## EXERCISE GOAL:
Copy task, pictures excluded: set down exactly the lines from the one containing "Tiffany & co" to the end of the data below.

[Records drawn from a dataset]
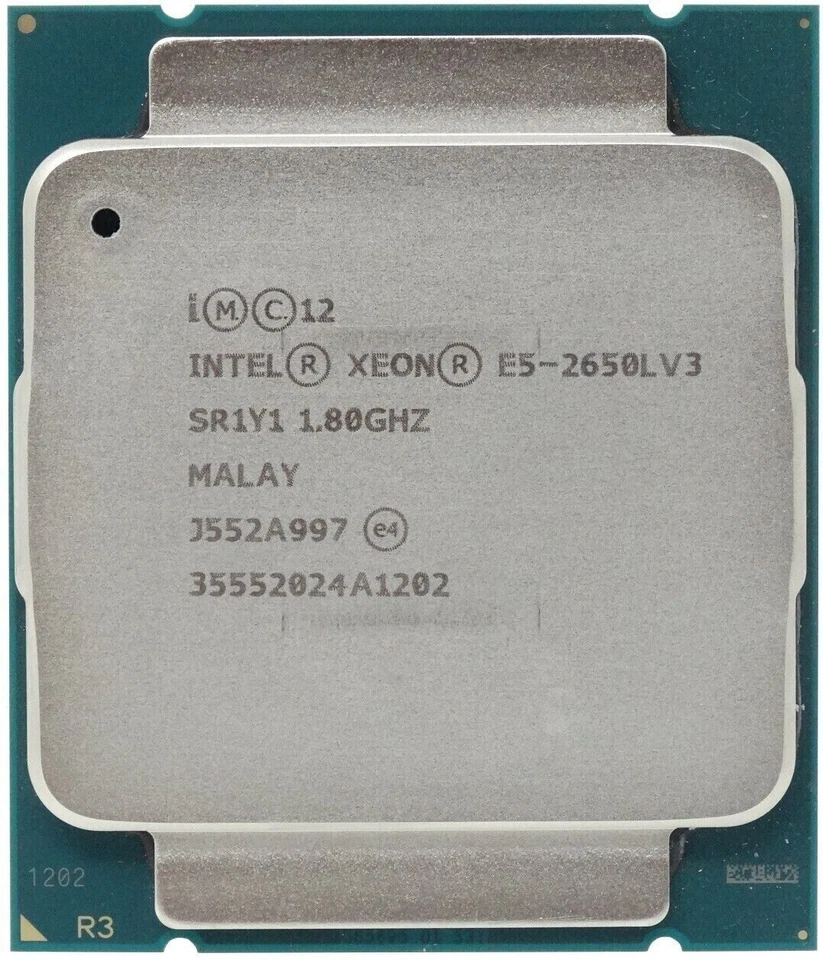 SR1Y1 INTEL XEON PROCESSOR E5-2650LV3 1.80GHZ 30M 12 CORES 65W M1 - Image 1 of 1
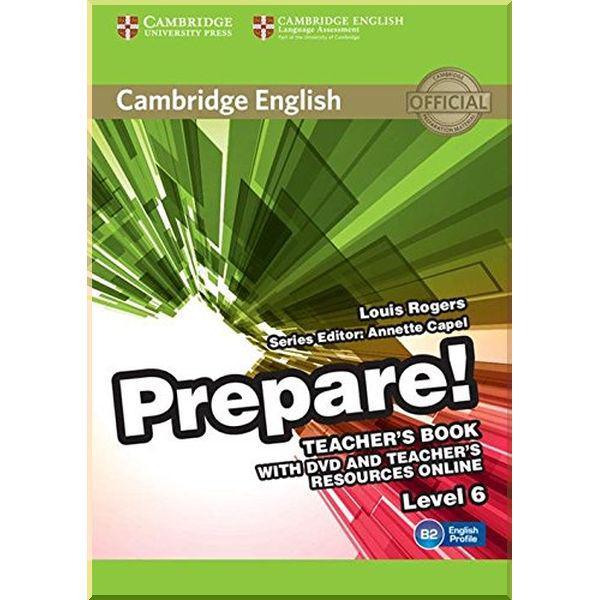 Книга для вчителя Cambridge English Prepare! 6 Teacher's Book with DVD and Teacher's Resources Online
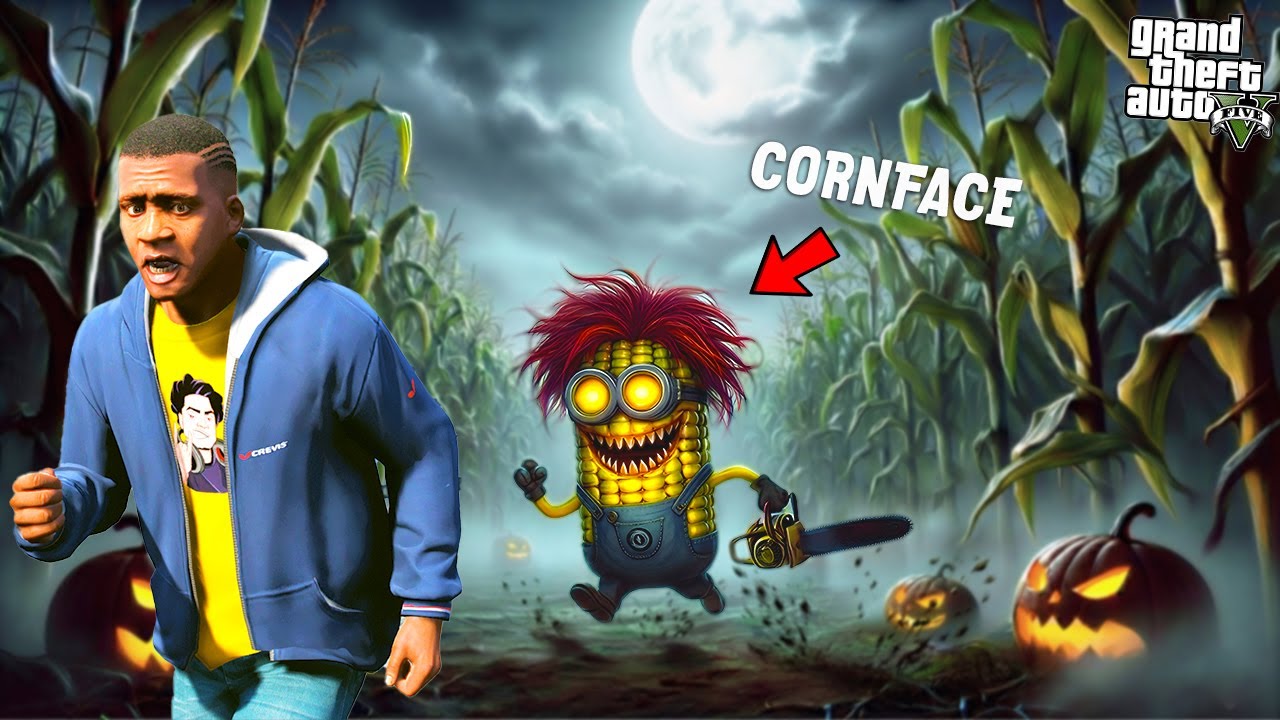 Franklin and Shinchan Trapped Inside Haunted Cornfield on GTA 5  In GTA 5 | Paradox FTW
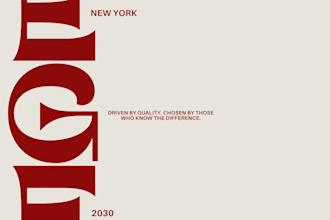 design a premium minimalist typographic logo for your brand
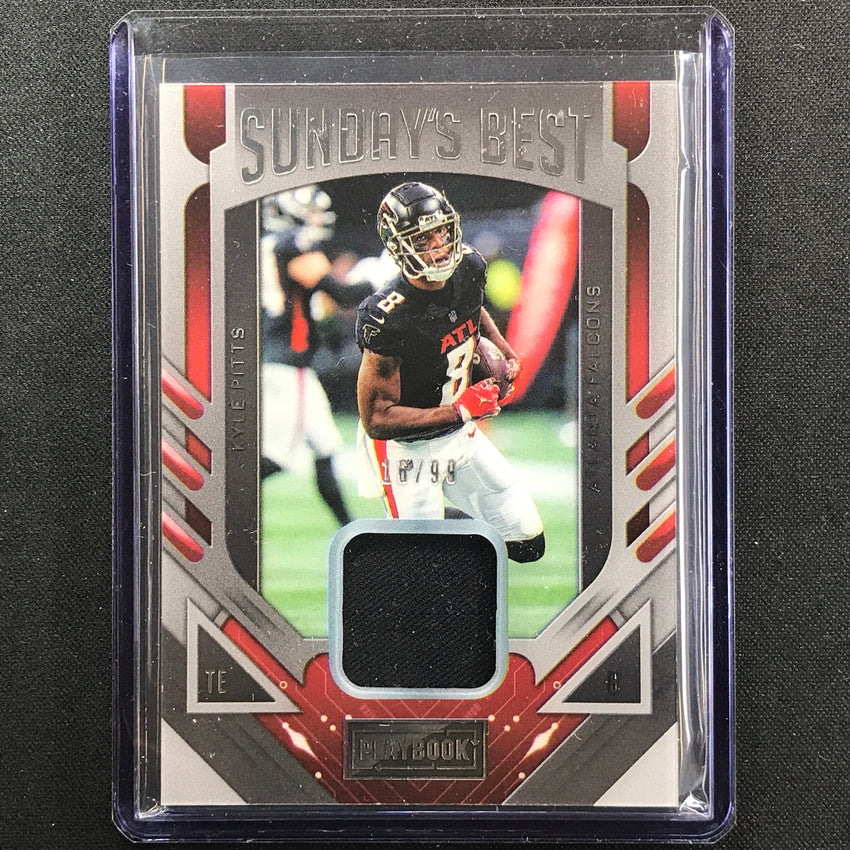 2022 Playbook Kyle Pitts Sundays Best Jersey Silver 16/99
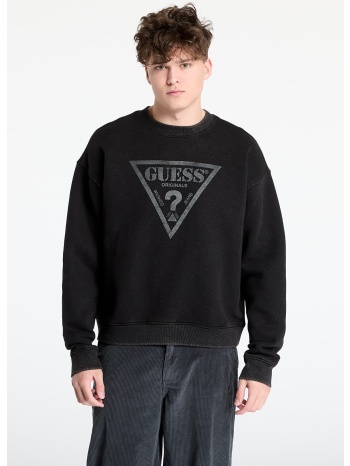 φούτερ guess go vintage triangle crewneck jet black multi m σε προσφορά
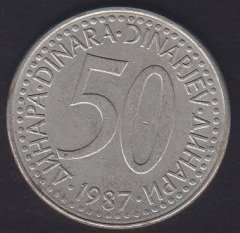 YUGOSLAVYA 50 DİNAR 1987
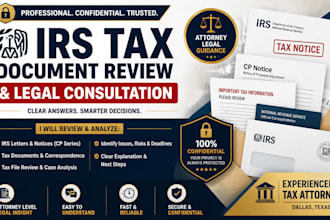 review irs tax documents, notices, letters provide expert consultation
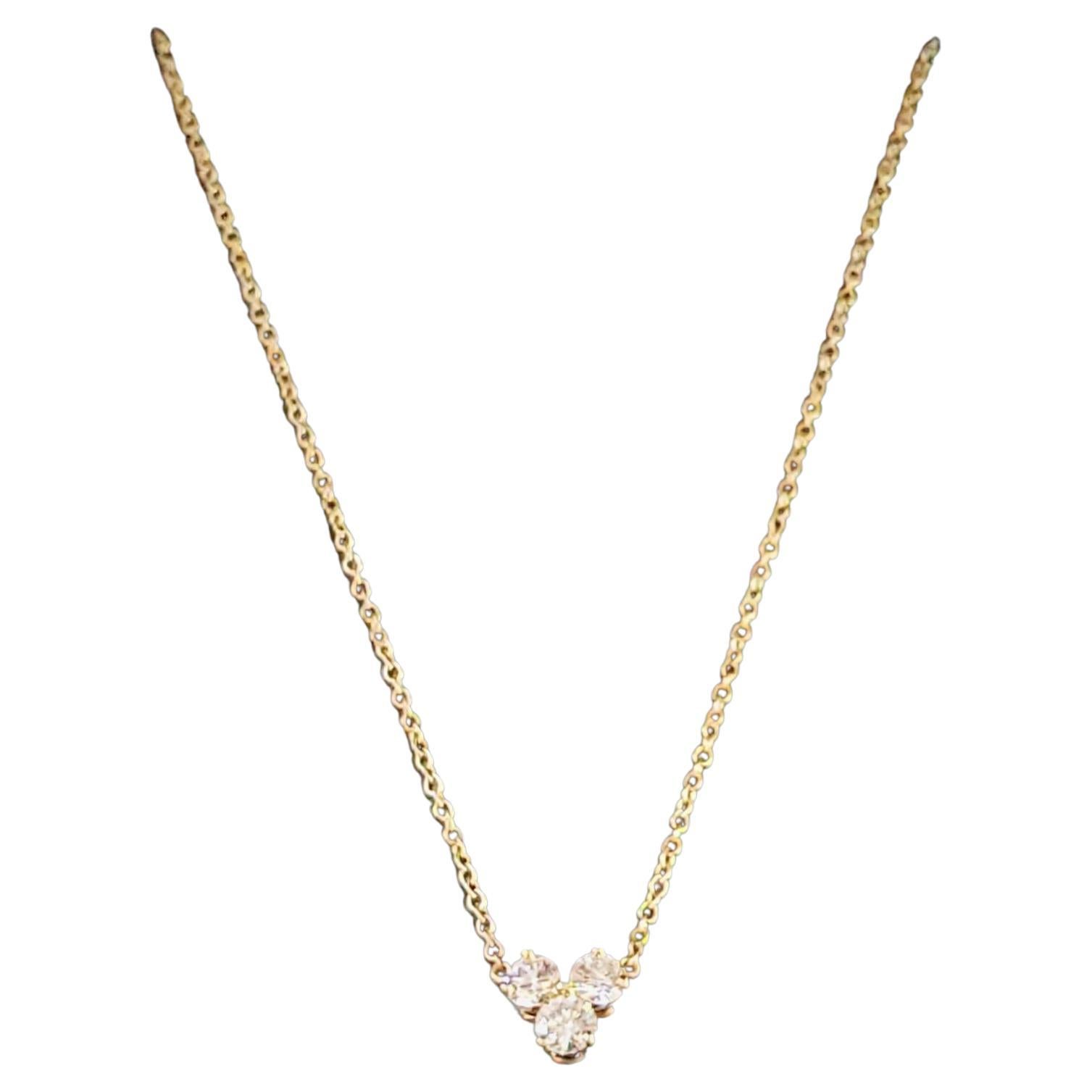 Tiffany & co Paloma Picasso pendant chain 18K Yellow Gold For Sale
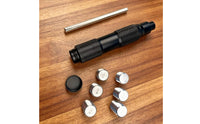 Cue Weight Screw Set Easy to Install Billiard Cue Balance Kit Portable Pouch Sports Accessory for Billiard Enthusiasts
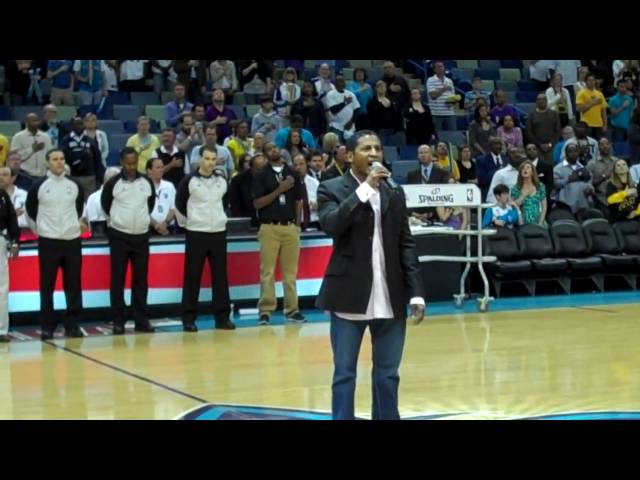 Kevon Edmonds - National Anthem - Lakers vs Hornets - 03/29/10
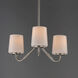Durham 3 Light 18.5 inch Satin Nickel Mini Chandelier Ceiling Light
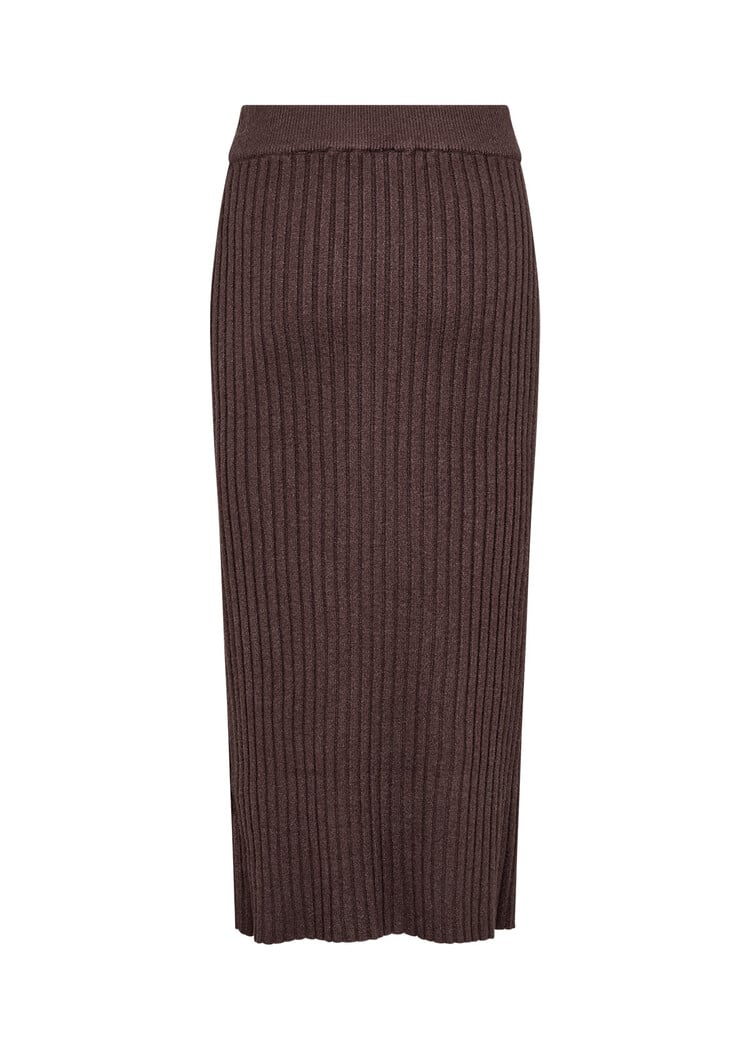 Soyaconcept Kanita 23 Skirt Chocolate Plum Melange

## RESULT OF THE EXERCISE:
 Tiffany & co Paloma Picasso pendant chain 18K Yellow Gold For Sale
 Cue Weight Screw Set Easy to Install Billiard Cue Balance Kit Portable Pouch Sports Accessory for Billiard Enthusiasts
 Kevon Edmonds - National Anthem - Lakers vs Hornets - 03/29/10
Durham 3 Light 18.5 inch Satin Nickel Mini Chandelier Ceiling Light
 Soyaconcept Kanita 23 Skirt Chocolate Plum Melange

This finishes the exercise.